Dass in der jüngeren Generation immer mehr mit ihrer mentalen Gesundheit zu kämpfen haben, ist auch beim Studierendenwerk spürbar. „Früher war die Beratung vor allem wegen studienbezogener Themen wie Prüfungsangst gefragt. Heute geht es überwiegend um psychologische Probleme wie Depressionen.“
Oft müsse das Personal klarstellen: „Wir beraten, wir therapieren nicht.“ Man könne nur eine Erstberatung leisten und vermittle die Hilfesuchenden dann weiter. Mit „Community Building“, also Begegnungsformaten, wolle man gegen Einsamkeit helfen.
Mensen und Essenspreise
Der auf 367.000 Euro gekürzte Investitionszuschuss des Landes fließt laut Judisch überwiegend in Mensen, etwa zur Instandhaltung oder für Anschaffungen.
Anfang des Jahres mussten bereits drei Mensa-Standorte – die Architektur-Mensa der Technischen Universität und zwei Backshops – schließen.
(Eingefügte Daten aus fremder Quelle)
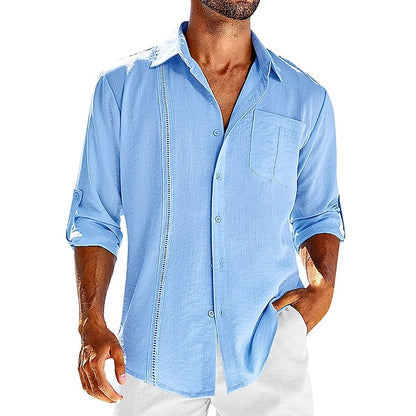 Men's Cotton Hemp Long Sleeve Shirt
Derzeit drohe nicht, dass weitere Standorte dicht machen. Ganz ausschließen könne man das für die Zukunft aber nicht, sagt Judisch angesichts der Finanzlage.
Und die Mensapreise? Der Standardpreis von 1,75 Euro für den Tagesteller, der dieses Jahr erhöht wurde, soll zunächst bestehen bleiben. „Trotzdem kann es sein, dass die Preise mal um 5 bis 10 Cent steigen“, sagt Judisch. „Denn der Preis ist auch an den Warenwert gekoppelt.“ So sei nicht zu verhindern, dass die Studierenden die steigenden Lebensmittelpreise auch in der Mensa leicht zu spüren bekommen.
Hinweis: In einer früheren Version war die Höhe der Gesamtmittel im Bundesprogramm „Junges Wohnen“ falsch angegeben. Wir haben die Zahl korrigiert.